Op onze website plaatsen we regelmatig tips en recepten om jouw gerechten naar een hoger niveau te tillen. Maar al die bbq termen die telkens terugkomen, wat betekenen die nu eigenlijk? Hoe moet ik mijn vlees pekelen? En wat is de kerntemperatuur van mijn spareribs? Je komt er allemaal achter in deze ultieme BBQ-begrippenlijst.
Deze ultieme BBQ-begrippenlijst is gemaakt om jou de taal van de bbq’ers te laten spreken. Zo weet je precies wat er in je recept wordt bedoeld en hoe je te werk kan gaan. Heb je niet zo veel met tekst en is video meer jouw ding? Check dan eens ons youtube kanaal! Hierin geven de chefs je uitgebreid uitleg en inspiratie met de lekkerste recepten.
Affakkelen of afgrillen
Het is gebruikelijk om vlees als picanha aan het eind af te grillen boven directe hitte, waarbij het smeltende vet zorgt voor grote vlammen die het stuk vlees volledig omringen. Dit noem je affakkelen. Het wordt afgeraden om het vlees in de grote vlammen af te fakkelen, omdat je het vuur niet in hand hebt. Daarnaast is de kans op verbranden erg groot en dat is erg ongezond door het ontstaan van ongewenste kankerverwekkende verbindingen (PAKS) in het vlees.

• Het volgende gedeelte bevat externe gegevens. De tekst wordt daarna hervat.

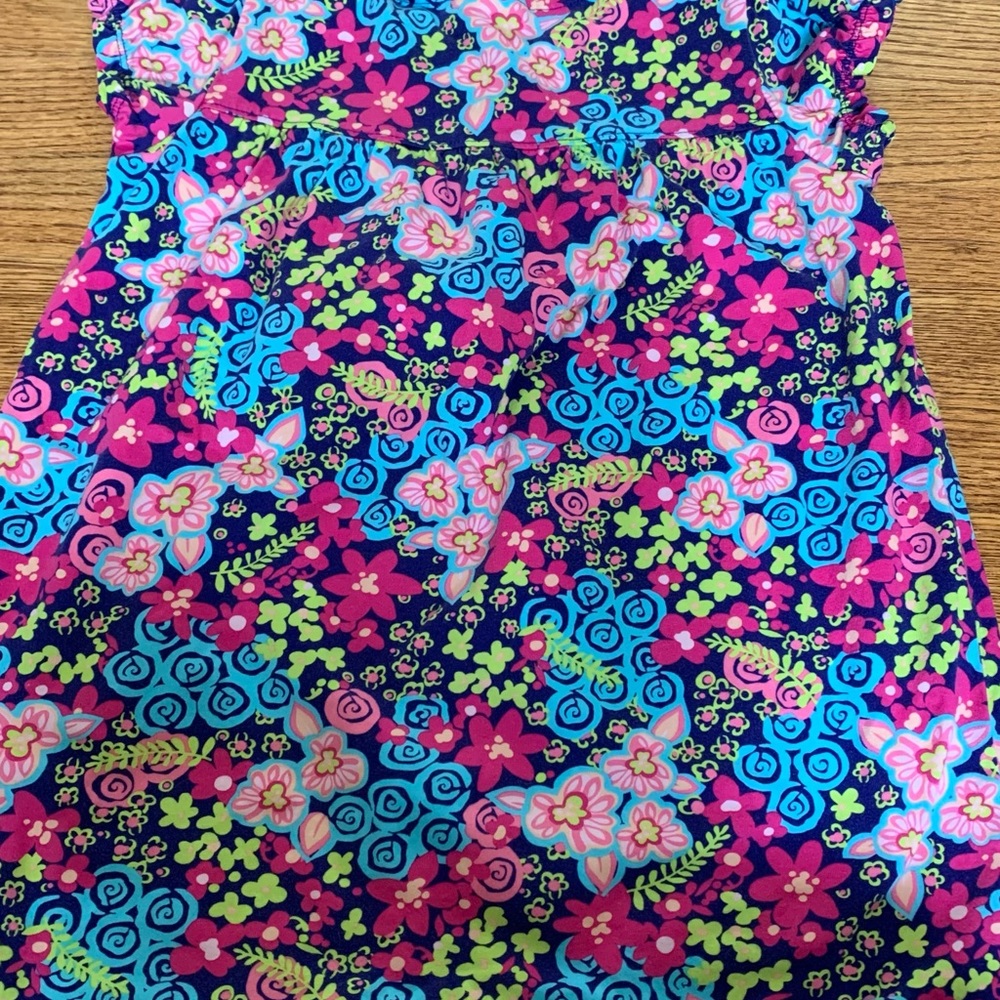 Hanna Andersson 120 print dress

Doe dit dus met beleid!
Bark
De krokante korst die ontstaat na een lange low & slow-sessie. Het ontstaat door het samensmelten van rook, vleessappen en suiker, zout en kruiden van de rub. Brisket en pulled pork zijn de bekendste stukken vlees met een bark.
BBQ’en
Bij een temperatuur tussen de 120 ℃ en 200 ℃ spreken we van klassiek BBQ’en.
Bear claws
BBQ gereedschap dat lijkt op berenpoten. Hiermee kun je bijvoorbeeld een procureur of een Boston Butt uit elkaar trekken voor pulled pork.
Bindweefsel
Vlees zijn de spieren van een dier, deze bevatten vet, bindweefsel en vocht. Bindweefsel zorgt ervoor dat de spieren sterker worden. Dit bindweefsel zorgt er ook voor dat de spier sterker wordt. Dit stugge bindweefsel moet weer afgebroken worden bij de bereiding van het vlees. Dit kan door bijvoorbeeld het vlees op een lage temperatuur te bereiden of te laten rijpen (dry aging). Hoe meer bindweefsel je vlees bevat, hoe stugger en vaak ook droger je vlees. De juiste bereiding is dus essentieel voor een mooi eindresultaat.
Boston butt
Een snit van de varkensschouder, speciaal voor pulled pork. De naam is afkomstig uit de Boston-regio waar vroeger een halve varkensschouder precies paste in een houten vaatje, waarin ze werden getransporteerd. Butt verwijst dus naar het vaatje en dus niet op de kont van het varken. Bij liefhebbers van pulled pork werd de Boston butt het favoriete stuk.
Brine (pekel)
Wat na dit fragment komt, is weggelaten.